Drug Guide
Methyldopate Hydrochloride
Classification
Therapeutic: Antihypertensive
Pharmacological: Alpha-2 adrenergic agonist
FDA Approved Indications
- Hypertension
Mechanism of Action
Methyldopate is converted in the central nervous system to methylnorepinephrine, which stimulates alpha-2 adrenergic receptors, reducing sympathetic outflow and decreasing blood pressure.
Dosage and Administration
Adult: Initially 250 mg 2-3 times daily, titrated up as needed; usual maintenance dose 250-500 mg 2-3 times daily.
Pediatric: Not commonly used in children; dosage should be individualized under medical supervision.
Geriatric: Start at lower end of dosing range due to increased sensitivity and risk of hypotension.
Renal Impairment: Use with caution; monitor blood pressure closely and adjust dose accordingly.
Hepatic Impairment: No specific adjustment supported; cautious use recommended.
Pharmacokinetics
Absorption: Rapidly absorbed from the gastrointestinal tract.
Distribution: Widely distributed throughout the body.
Metabolism: Metabolized in the central nervous system to active metabolites.
Excretion: Excreted primarily in the urine.
Half Life: Approximately 2-3 hours.
Contraindications
- Hypersensitivity to methyldopate or other components.
- History of depression or active depression.
Precautions
- Use with caution in patients with hepatic disease, psychiatric conditions, or in those requiring psychiatric stability.
- Pregnancy: Generally considered safe, but should be used under medical supervision, especially during the first trimester. Breastfeeding: Use with caution; consult healthcare provider.
Adverse Reactions - Common
- Drowsiness, sedation (Common)
- Dry mouth (Common)
- Dizziness (Common)
Adverse Reactions - Serious
- Hemolytic anemia (Serious but rare)
- Liver dysfunction or hepatitis (Rare)
- Hypotension or orthostatic hypotension (Variable)
Drug-Drug Interactions
- MAO inhibitors may enhance hypotensive effects.

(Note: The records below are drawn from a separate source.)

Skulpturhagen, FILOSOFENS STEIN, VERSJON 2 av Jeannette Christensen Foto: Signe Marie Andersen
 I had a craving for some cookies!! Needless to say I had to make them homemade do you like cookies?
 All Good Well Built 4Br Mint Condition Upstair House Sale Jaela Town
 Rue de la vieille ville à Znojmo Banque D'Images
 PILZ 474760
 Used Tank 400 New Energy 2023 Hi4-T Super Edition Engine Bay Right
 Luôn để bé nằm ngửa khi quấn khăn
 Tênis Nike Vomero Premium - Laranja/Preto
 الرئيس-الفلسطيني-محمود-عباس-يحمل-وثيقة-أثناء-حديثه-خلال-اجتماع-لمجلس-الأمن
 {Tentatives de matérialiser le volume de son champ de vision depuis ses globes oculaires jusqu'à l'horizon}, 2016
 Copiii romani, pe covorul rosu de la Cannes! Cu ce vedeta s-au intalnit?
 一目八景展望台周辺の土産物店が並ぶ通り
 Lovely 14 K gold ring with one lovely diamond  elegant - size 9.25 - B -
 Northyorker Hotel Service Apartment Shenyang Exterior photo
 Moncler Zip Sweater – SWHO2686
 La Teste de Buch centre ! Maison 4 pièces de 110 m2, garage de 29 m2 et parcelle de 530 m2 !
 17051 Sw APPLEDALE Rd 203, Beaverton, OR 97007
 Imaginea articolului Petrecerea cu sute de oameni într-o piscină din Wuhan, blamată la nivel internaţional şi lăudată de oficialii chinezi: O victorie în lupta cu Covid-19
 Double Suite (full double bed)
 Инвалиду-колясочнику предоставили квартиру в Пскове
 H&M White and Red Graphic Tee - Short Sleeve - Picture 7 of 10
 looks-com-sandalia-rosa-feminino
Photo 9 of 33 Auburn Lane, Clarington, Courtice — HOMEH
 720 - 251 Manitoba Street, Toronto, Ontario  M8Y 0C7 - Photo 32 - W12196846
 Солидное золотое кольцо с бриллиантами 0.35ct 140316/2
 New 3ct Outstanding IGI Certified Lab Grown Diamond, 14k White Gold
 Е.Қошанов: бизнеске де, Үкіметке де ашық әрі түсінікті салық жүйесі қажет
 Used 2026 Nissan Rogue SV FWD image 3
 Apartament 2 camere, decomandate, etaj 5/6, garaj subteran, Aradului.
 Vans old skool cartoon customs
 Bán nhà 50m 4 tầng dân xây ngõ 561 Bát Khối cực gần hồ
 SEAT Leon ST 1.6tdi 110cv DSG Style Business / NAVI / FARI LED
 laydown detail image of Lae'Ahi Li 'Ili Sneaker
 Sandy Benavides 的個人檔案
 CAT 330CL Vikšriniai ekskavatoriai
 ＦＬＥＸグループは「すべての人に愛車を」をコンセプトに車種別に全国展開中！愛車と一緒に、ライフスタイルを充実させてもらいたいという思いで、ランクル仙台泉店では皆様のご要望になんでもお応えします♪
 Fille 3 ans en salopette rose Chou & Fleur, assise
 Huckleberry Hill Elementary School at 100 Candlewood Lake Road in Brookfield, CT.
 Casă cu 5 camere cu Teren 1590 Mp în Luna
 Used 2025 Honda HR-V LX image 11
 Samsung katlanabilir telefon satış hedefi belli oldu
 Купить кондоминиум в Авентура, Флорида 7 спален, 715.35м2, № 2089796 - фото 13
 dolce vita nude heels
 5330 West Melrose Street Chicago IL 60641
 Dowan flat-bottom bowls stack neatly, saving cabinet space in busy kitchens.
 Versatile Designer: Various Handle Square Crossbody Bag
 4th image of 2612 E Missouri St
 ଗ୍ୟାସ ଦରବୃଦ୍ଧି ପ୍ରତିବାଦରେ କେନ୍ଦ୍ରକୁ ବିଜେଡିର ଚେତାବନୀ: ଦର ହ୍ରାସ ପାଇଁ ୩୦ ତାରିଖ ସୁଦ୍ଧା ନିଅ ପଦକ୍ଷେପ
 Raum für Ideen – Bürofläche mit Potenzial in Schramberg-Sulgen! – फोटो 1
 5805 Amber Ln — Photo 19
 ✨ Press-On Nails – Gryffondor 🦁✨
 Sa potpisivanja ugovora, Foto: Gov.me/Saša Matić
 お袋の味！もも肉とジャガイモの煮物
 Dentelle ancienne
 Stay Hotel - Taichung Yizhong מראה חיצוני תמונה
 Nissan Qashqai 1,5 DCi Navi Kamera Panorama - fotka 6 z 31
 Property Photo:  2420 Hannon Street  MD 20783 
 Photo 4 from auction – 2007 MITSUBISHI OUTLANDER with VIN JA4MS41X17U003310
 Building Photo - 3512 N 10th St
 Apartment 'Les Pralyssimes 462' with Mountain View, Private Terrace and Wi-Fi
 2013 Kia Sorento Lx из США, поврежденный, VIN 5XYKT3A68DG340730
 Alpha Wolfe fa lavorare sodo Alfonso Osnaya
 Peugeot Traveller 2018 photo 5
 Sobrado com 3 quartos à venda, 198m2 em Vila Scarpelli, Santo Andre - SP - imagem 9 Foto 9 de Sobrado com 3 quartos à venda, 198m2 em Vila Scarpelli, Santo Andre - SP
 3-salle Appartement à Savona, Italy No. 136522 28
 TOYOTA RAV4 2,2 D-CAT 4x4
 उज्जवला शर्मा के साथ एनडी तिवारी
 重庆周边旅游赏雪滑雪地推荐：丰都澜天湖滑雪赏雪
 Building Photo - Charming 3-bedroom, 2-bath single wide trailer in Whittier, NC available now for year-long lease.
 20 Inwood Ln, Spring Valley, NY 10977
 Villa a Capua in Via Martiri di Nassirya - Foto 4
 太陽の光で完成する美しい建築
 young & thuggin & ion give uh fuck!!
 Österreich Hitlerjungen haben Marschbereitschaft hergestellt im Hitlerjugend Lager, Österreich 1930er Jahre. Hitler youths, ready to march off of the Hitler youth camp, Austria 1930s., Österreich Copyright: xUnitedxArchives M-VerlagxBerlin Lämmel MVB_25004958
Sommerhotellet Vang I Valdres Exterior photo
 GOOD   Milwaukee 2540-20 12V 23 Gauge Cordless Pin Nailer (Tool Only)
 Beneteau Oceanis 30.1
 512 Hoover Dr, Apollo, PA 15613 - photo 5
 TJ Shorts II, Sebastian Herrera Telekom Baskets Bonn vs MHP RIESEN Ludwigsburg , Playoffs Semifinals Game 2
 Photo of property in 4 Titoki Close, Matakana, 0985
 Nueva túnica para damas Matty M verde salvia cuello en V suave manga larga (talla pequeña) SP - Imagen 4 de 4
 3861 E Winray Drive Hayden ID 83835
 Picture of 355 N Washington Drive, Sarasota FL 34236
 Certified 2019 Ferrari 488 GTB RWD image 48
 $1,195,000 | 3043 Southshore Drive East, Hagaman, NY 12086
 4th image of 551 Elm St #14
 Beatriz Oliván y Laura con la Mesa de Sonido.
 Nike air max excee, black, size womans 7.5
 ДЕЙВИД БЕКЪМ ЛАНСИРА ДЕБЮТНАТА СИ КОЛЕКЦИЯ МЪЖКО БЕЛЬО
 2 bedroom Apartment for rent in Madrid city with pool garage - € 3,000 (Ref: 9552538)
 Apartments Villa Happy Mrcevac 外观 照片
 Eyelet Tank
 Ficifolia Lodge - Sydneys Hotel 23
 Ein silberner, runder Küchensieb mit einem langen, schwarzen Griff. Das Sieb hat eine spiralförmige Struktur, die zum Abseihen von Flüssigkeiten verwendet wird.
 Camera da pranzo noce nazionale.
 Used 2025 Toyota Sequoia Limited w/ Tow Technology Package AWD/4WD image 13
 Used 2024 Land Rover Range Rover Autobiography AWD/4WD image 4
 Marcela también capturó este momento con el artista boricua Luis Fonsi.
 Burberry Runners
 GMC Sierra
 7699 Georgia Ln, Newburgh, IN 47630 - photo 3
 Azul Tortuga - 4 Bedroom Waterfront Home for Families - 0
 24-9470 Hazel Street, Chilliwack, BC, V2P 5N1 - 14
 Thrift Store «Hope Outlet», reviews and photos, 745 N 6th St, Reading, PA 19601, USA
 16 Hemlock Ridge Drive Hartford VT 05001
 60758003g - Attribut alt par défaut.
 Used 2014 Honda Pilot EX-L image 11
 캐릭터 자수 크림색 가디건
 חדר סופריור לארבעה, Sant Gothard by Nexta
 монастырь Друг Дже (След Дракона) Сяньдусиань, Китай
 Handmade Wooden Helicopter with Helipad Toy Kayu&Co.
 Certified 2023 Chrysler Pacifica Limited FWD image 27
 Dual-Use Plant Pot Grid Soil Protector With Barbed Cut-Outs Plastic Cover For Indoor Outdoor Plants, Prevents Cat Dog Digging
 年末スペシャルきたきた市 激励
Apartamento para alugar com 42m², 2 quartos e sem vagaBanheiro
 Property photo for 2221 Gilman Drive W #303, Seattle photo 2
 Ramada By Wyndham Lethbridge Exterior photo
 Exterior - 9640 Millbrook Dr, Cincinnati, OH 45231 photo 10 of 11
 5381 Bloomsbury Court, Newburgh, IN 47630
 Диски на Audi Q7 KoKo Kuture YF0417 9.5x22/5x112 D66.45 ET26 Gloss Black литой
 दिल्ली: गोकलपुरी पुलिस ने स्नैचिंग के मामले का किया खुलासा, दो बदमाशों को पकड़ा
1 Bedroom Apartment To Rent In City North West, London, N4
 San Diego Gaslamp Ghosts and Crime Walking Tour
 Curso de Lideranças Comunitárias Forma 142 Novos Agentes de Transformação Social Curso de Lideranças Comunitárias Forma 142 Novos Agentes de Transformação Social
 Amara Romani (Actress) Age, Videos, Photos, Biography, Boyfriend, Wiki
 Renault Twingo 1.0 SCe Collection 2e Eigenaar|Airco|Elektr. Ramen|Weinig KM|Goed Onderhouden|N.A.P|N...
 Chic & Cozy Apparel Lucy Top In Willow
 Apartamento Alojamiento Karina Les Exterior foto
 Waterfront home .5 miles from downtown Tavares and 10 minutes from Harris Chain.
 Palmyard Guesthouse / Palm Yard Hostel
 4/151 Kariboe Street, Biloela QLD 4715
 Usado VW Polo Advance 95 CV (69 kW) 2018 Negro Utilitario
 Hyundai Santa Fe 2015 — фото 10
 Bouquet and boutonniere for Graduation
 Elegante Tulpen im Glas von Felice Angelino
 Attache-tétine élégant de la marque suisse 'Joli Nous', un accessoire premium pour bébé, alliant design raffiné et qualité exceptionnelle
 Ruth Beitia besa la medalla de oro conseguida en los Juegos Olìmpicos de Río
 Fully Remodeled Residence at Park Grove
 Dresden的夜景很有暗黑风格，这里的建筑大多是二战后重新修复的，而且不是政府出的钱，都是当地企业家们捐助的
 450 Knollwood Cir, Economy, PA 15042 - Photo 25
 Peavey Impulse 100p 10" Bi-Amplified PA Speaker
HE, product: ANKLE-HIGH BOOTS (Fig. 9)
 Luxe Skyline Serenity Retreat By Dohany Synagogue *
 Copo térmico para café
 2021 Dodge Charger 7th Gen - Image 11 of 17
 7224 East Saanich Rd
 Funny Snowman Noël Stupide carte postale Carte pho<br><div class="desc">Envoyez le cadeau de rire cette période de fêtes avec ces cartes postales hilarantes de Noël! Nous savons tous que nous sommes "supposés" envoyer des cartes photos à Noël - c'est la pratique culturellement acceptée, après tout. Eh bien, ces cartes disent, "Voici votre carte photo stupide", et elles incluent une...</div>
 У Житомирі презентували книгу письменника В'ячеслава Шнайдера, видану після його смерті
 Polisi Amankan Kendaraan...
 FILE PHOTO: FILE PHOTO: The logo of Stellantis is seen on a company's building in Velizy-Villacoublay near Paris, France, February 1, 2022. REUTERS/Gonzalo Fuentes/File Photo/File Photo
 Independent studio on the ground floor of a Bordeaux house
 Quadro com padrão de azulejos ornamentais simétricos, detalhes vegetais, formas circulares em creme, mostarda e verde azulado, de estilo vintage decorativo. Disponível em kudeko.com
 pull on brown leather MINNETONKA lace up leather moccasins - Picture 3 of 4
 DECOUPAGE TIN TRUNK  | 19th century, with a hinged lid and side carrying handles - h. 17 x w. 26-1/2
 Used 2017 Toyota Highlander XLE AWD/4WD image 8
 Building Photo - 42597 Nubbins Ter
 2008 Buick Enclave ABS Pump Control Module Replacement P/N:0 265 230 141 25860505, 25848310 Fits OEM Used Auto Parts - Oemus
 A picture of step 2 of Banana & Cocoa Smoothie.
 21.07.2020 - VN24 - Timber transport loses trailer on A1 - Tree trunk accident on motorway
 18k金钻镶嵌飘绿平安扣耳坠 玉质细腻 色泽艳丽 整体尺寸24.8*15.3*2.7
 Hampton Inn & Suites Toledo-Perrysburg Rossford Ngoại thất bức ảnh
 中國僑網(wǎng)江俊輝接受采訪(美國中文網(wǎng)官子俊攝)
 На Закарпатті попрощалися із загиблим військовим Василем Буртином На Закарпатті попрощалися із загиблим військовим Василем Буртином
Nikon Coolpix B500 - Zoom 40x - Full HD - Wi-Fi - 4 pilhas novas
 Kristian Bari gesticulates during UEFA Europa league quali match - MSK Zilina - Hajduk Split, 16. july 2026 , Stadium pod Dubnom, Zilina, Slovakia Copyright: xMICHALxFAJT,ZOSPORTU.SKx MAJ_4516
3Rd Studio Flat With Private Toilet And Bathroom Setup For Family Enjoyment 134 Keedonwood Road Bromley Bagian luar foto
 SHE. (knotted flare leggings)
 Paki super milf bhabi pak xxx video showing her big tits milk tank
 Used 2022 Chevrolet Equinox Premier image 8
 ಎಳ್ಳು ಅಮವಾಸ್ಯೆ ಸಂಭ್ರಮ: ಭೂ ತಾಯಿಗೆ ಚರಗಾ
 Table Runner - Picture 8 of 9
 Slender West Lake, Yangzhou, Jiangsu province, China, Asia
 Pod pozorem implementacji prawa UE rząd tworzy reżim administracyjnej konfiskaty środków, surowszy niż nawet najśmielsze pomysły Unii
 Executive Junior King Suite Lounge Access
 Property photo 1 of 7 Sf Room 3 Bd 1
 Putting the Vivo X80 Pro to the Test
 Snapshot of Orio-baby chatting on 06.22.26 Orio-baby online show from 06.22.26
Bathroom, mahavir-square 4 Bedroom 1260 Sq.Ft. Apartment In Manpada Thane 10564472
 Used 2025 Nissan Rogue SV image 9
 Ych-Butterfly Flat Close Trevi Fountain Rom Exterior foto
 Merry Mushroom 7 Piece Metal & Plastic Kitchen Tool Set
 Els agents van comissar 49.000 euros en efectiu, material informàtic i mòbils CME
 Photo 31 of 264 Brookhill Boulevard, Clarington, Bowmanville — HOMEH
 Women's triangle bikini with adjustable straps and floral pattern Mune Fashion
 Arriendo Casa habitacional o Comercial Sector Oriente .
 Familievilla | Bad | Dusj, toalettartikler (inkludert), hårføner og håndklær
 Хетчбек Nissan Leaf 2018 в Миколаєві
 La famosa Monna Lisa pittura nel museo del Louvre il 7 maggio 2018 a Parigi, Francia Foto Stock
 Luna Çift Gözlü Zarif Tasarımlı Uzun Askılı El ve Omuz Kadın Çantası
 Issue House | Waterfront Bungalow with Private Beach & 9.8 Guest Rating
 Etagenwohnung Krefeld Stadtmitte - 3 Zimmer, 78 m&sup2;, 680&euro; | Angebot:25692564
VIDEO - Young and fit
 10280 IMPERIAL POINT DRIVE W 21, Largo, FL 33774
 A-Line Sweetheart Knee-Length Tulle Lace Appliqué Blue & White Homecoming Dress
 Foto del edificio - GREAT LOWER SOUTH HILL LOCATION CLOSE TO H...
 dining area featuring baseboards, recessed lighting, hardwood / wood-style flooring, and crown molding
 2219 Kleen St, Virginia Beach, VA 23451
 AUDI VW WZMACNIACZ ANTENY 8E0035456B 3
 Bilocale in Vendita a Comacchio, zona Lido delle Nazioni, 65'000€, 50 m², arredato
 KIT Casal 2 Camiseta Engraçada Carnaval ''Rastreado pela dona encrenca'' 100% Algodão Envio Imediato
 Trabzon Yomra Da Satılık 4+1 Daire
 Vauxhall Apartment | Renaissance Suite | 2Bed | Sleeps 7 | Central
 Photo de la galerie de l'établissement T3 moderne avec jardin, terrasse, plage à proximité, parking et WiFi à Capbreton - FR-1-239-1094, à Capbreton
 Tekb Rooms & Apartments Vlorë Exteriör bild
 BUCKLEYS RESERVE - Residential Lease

- Other antihypertensives may increase blood pressure lowering.
Drug-Food Interactions
N/ADrug-Herb Interactions
N/ANursing Implications
Assessment: Monitor blood pressure regularly, assess for signs of depression, liver function tests as indicated.
Diagnoses:
- Ineffective tissue perfusion related to hypotension.
- Risk for injury related to orthostatic hypotension.
Implementation: Administer orally as prescribed; advise patient to rise slowly from sitting or lying position.
Evaluation: Assess blood pressure response, monitor for adverse effects, and adjust dose as needed.
Patient/Family Teaching
- Take medication exactly as prescribed.
- Warn about possible drowsiness and advise against driving or operating machinery until response is known.
- Report symptoms of depression, jaundice, or unusual bleeding.
Special Considerations
Black Box Warnings: N/A
Genetic Factors: N/A
Lab Test Interference: May interfere with certain laboratory tests of hepatic function.
Overdose Management
Signs/Symptoms: Severe hypotension, sedation, depression.
Treatment: Maintain airway, monitor blood pressure, administer IV fluids, and use vasopressors if needed; gastric lavage or activated charcoal may be considered if ingestion was recent.
Storage and Handling
Storage: Store at room temperature, away from moisture and light.
Stability: Stable under usual storage conditions for prescribed shelf life.